Problem with cudaMalloc

bugBot · October 28, 2008, 7:36am

Hi,

I have a problem with cudaMalloc in my kernel. I have the following piece of code:-

main() {
…
for(i=0; i<TIMES; i++) {
kernel_wrapper();
}
…
…
}
// End main

// Start kernerl wrapper.
kernel_wrapper() {
…
…
// par_output is a N+1 * N+1 (host) array which is initialized.
CUT_SAFE_CALL(cudaMalloc((void**)&output, sizeof(float)(N+1)(N+1)));
CUT_SAFE_CALL(cudaMalloc((void**)&op1, sizeof(float)(N+1)(N+1)));
// ** SEGFAULTING HERE. BECAUSE THE MALLOC DID NOT SUCCEED I BELIEVE.
CUT_SAFE_CALL(cudaMemcpy(output, par_output,sizeof(float)(N+1)(N+1),cudaMemcpyHostToDevice)
);
CUT_SAFE_CALL(cudaMemcpy(op1, par_output,sizeof(float)(N+1)(N+1),cudaMemcpyHostToDevice)
);

for(int k=0;k<M;k++) {
actualKernel<<< grid, threads >>>(N, M, output, op1, h, blx, bly, TBx, TBy);
// I am passing output and op1 which are the N+1 * N+1 arrays to this kernel for some computation.
cudaMemcpy(op1, output,sizeof(float)(N+1)(N+1),cudaMemcpyDeviceToDevice);
}
…
CUT_SAFE_CALL(cudaFree(output));
CUT_SAFE_CALL(cudaFree(op1));
}
}

Note that I am calling kernel_wrapper multiple times. There is no problem at all when the kernel_wrapper executes for the first two time. But when it executes 3rd time, I get a segfault at ** (please see code comment above). Some other points to note are:

(Both) The cudaMalloc returns 0 for first 2 executions of kernel_wrapper. For the third execution it returns a value of 4. What does this mean?
This problem happens only for values for N >= 256 (The previous value 128 and lesser values work fine for any number of calls to kernerl_Wrapper)
If I comment out the call to actualKernel (the kernel itself), there is no segfaulting.
I have not posted the entire code because it is not tidy and is tough to understand.
I am using CUDA 2.0 on a linux machine.

Any help will be appreciated.
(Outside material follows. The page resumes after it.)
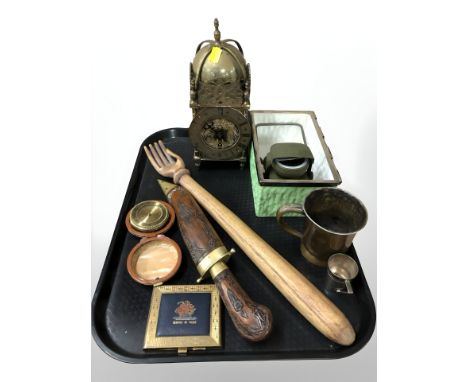 A continental brass lantern clock, together with wooden back scratcher, Indian dagger, a Swiza bedroom clock, etc.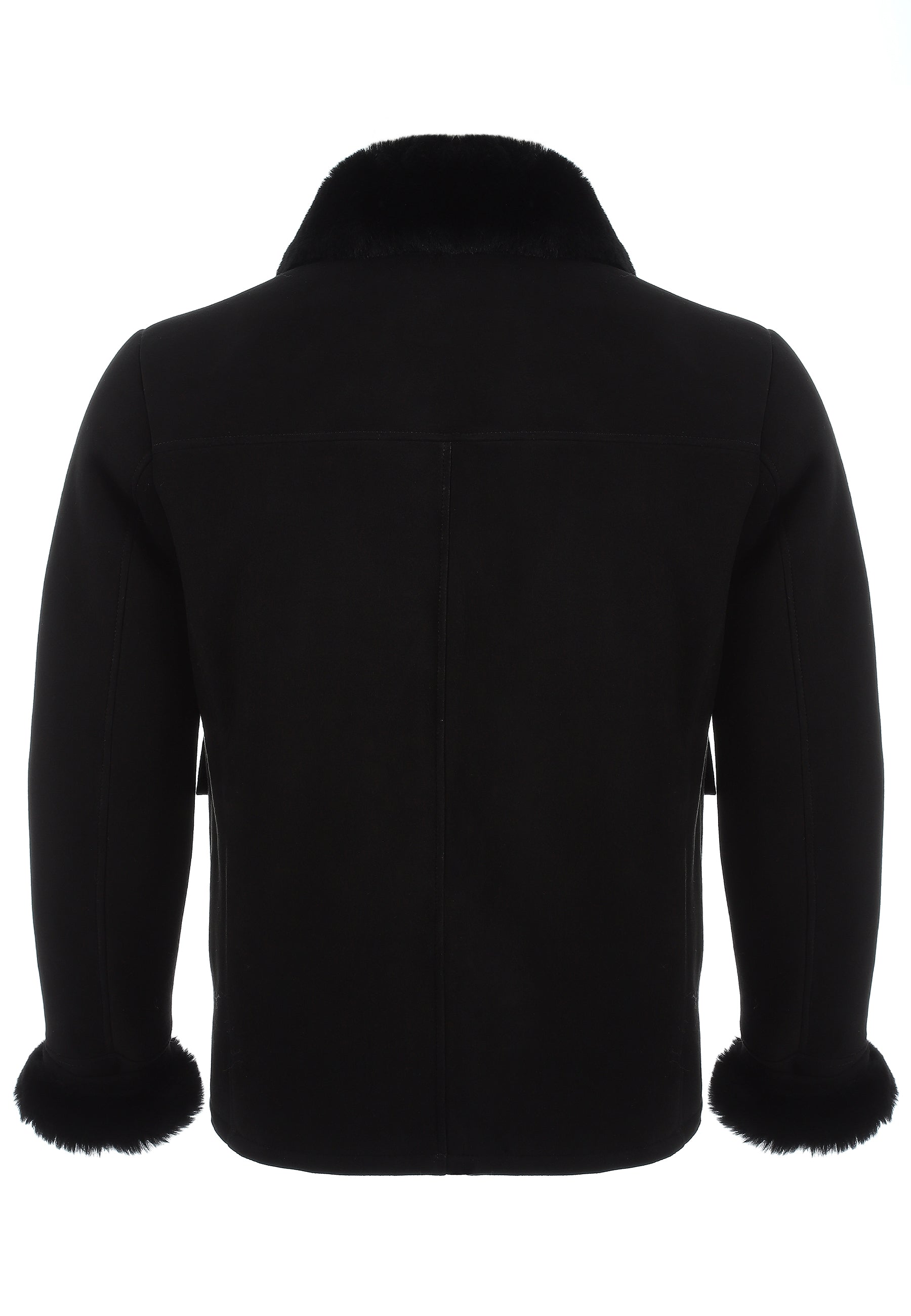 Men's Sheepskin Bomber Jacket, Black Suede with Black Wool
Thanks!

QD4_33 · October 28, 2008, 11:52am

I use a function like…

void checkCudaError(const char *msg)

{

	cudaError_t err = cudaGetLastError();

	if( cudaSuccess != err)

	{

		fprintf(stderr, "CUDA error> %s %s.\n", msg, cudaGetErrorString( err) );

		exit(EXIT_FAILURE);

	}

}

… to find out the last error. Run this function on different places in your code, because it only shows the last error, but the last error can be caused by another one…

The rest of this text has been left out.